The 9/11 Memorial Museum
The museum comprises an at-grade pavilion and a below-ground exhibition structure. Visitors descend to the main exhibition space alongside the Survivors’ Stairs, which were used as an escape route by hundreds of people on 9/11. Two pieces of steel framing remaining from one of the towers, known as the tridents, can be viewed along the descent.

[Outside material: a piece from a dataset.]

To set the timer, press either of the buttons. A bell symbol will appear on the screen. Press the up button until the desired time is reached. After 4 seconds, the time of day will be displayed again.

The subterranean museum, constructed on bedrock, houses more than 14,400 physical artifacts, including a portion of the original slurry wall, referred to as the bathtub, that was designed to keep the Hudson River from flooding the site. The bathtub, designed by engineer George Tamaro, P.E., NAE, D.GE(Ret.), Dist.M.ASCE, who worked for Mueser Rutledge Consulting Engineers, was the only structural element at the WTC site to withstand the attack. The museum also includes 7,311 pieces of ephemera and 60 steel fragments and vehicles, including first responder vehicles. The In Memoriam exhibition honors the victims by displaying biographies and profiles, portraits, spoken-word remembrances, and mementos contributed by family members.

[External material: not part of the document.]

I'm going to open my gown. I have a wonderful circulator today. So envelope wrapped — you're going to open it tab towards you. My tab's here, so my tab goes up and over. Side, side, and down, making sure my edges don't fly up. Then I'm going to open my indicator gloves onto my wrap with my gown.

The National 9/11 Pentagon Memorial
The National 9/11 Pentagon Memorial, designed by architects Julie Beckman and Keith Kaseman, was constructed along the path that American Airlines Flight 77 took as it was flown into the Pentagon. The 184, 14 ft long memorial units take the form of cantilevered stainless steel, illuminated benches, each inscribed with one victim’s name. The benches are aligned with the Age Wall that begins at a height of 3 in. and rises by 1 in. increments to 71 in., the numbers representing the ages of the youngest and oldest victims from the Pentagon. Those benches that represent the 125 people who died while working or visiting the Pentagon are oriented so that when visitors read their inscribed names, the Pentagon can be seen in the background. Conversely, the names of the 59 victims who died aboard the aircraft are inscribed so that when read, the sky is in view.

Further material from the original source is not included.